Working with refugees in Italy!

Overall, I had a lifechanging experience in Italy with Projects Abroad. As a future social worker who wants to work with refugees in the future, I was really excited for this experience and to gain experience in my future career. This experience really gave me a hands on experience to help with my career and has become increasingly important when it comes to my job for the next year. Throughout my time in Italy, I was able to work with Syrian refugees and refugees from African countries, along with working with the local population. Most of the time, I was in a community building role where we were working on integrating peace in the community. This was done whether working with a children's summer camp or with the local women.

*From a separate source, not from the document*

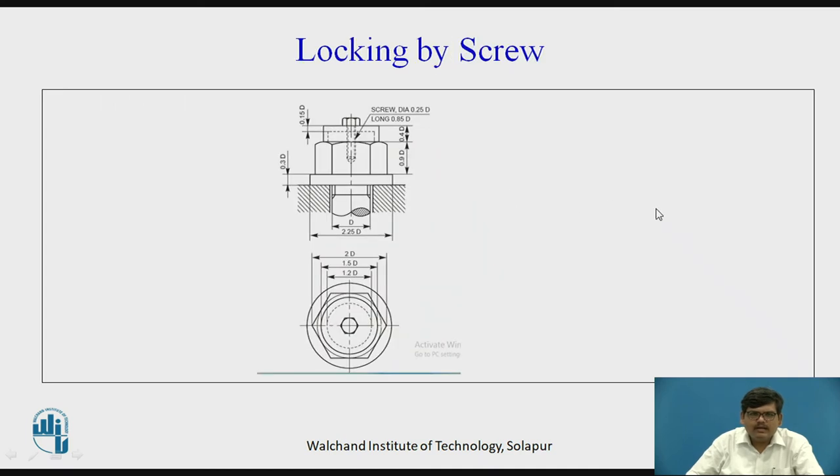Then we have locking by screw. This is a hexagonal cap nut, and in the cap a hole is drilled through it. A similar hole is also drilled on the bolt. When you tighten this cap nut on the bolt, a screw is inserted from the top which also gets inserted into the bolt, preventing the loosening of the cap nut.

I also had a great time with the other volunteers and staff members. I stayed in a newly redone house with 5 other volunteers. Once more volunteers came, it was a great experience and we created some really strong bonds. All of the volunteers ate meals together, had social events, and worked on the projects together. The bonds that I made with other volunteers are ones that will last awhile and I was able to connect with so many other young adults who were interested in the same ideas that I am. It was a great networking opportunity! The staff was also mostly wonderful. There was a bit of a managerial changeover while I was in Italy, which caused a lot of tension and caused many of the projects to not be completed. If the staff turnover had been resolved more quickly, I feel like I could really have made an impact on the project- it was just unfortunate timing.

As far as the projects go, there was such a wide variety of things to do that you were really able to get involved in whatever you were most interested in. Most of the projects involved working with children, which was great for me- but just beware! I also felt that some of the projects weren't entirely useful to creating long-lasting future and involvement with the refugees. My only flaws with the program would be that we didn't get to interact with the refugees in the project and that the projects could be better worked through if the refugees were more involved.

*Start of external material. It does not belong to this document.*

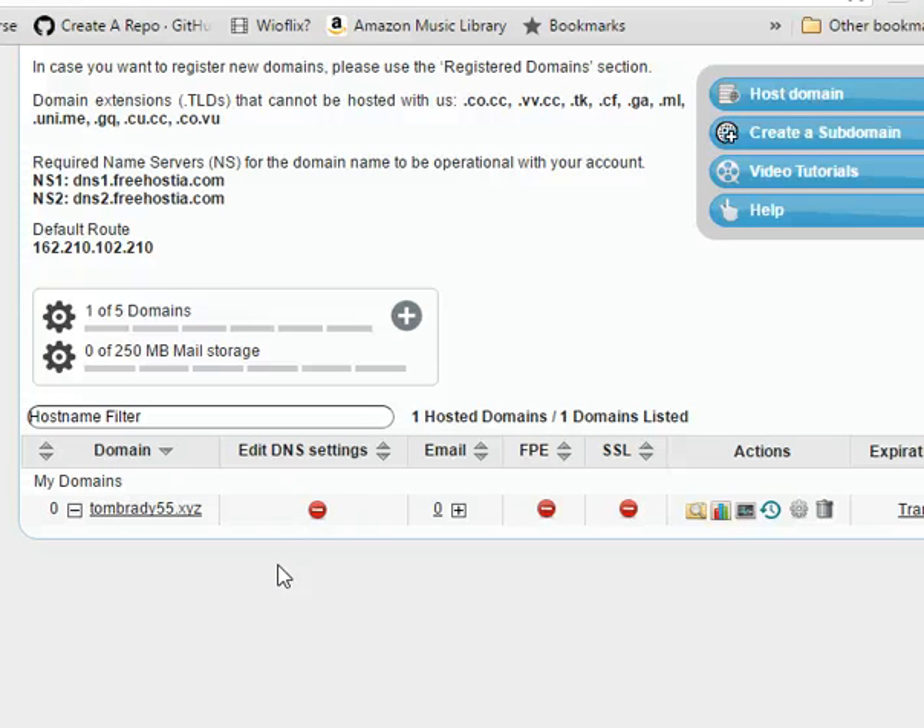We can't test anything now. I'm going to make another video once this turns green and we're connected to our domain name, and then we're going to upload a 'hello world' file to see how all that works. But that's it — that's as easy as it is to register at Freehostia. Remember, you have to have your domain name first, then just do what I just finished doing. Easy as pie.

Overall, this was a great program and I would love to go back!

What would you improve about this program?
This program can be improved by having more involvement with the refugee community. It is important to increase longevity to have the refugees trained in the projects and more involved. I also think this program could be better improved by having staff and manager changeover happen in a time when there are less volunteers, like in the winter.
1 person found this review helpful.
Response from Projects Abroad

Dear Emma. Thank you for sharing! Your role was indeed very important and I am sure the women and children you got to help are very grateful for your assistance. I am glad you had an overall positive experience and that it will be helpful to further your career. We would love to get in touch with you and speak about what you feel we could have been done better in your project. Let me know if you would like to arrange this and what the best way to reach you would be.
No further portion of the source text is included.